Years later that wall was painted a nice red. Once, my classmates and I got back from the beach, sand lining the sides of the bathroom floor and the sheets of the bed, and then we suddenly decided to paint our palms in bright Fevicryl shades and press them over the red wall. On another day, I was just bored, so I painted a big purple and black circle on one side of the wall. Some days I would wonder how cool it would be if I got up and pushed the circle and it would suck me into an alternate universe.
Once rain water seeped into to the wall and made a blotch on one corner of the room. I always thought the blotch looked like Michael Jackson.

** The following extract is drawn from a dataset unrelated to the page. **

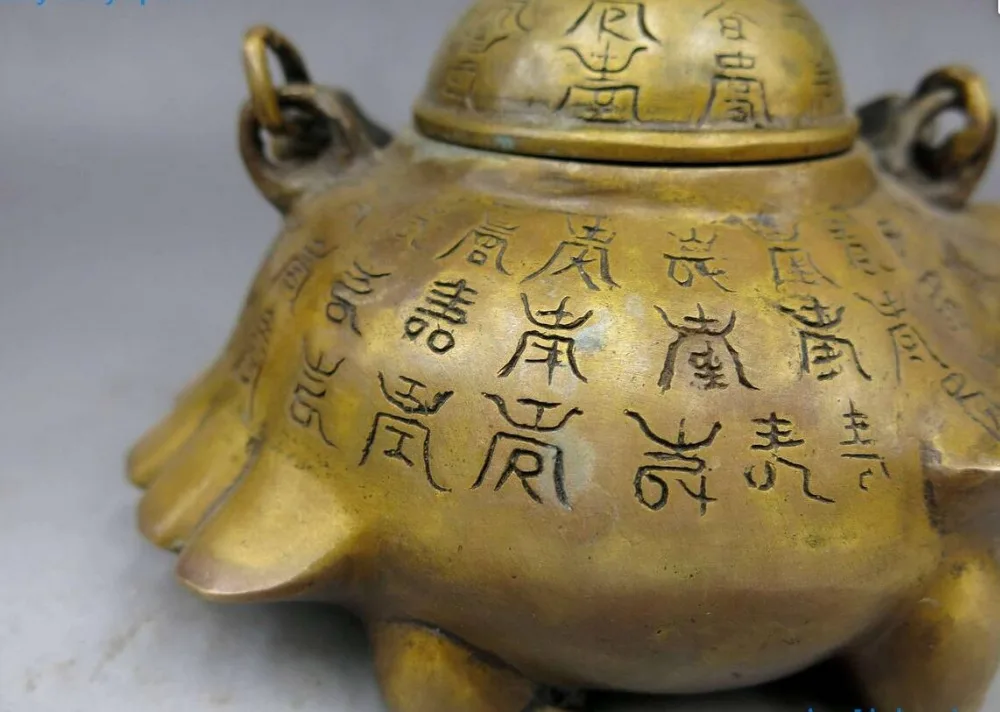 Китайская латунная медная черепаховая черепаха Красивый Чайничек чайник | Дом и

The living room, where we all came out of our own little quarters to meet. Where my cousins and aunts and uncles and I would laugh in a circle around the coffee table. Where the TV would play all the cartoons of my childhood, and the stereo would play music from Raj Kapoor movies and Frank Sinatra and Louis Armstrong from dad’s CDs. Where so many fights have been had, some small ones over the remote or the food, and others, epic. Where we had meals together; the smell of samosas and kanji at the table during Ramadan; where I would sit upside down on the sofa till I got dizzy, and pace round and round the dining table while on the phone, and spread out my canvas in front of the TV and paint on it, and yell ‘Thay-thanni!’ (tea!) at the maid, while watching Channel News Asia after classes. Where the chandelier came loose and crashed to the ground one stormy night, where candles were lit up when the lights went out, where I came to check myself in the mirror because the living-room mirror just showed things differently than the bedroom-one.

My parents’ bedroom was a place I would go to for the air-conditioning, for the bed that seemed more comfortable than the others in the house, for my mother when I was sick or scared of ghosts. The bathroom! Where I would grab the shampoo bottle and sing at the top of my lungs. Where once as a child, after watching a movie suggestive of this, thought secret spies were watching us shower. Where I went to sit on the closed toilet seat, when the rest of the house was too noisy. Where cockroaches made me jump and yell for cavalry. Where I made patterns in my head from the water trickling over the tiny square tiles on the floor.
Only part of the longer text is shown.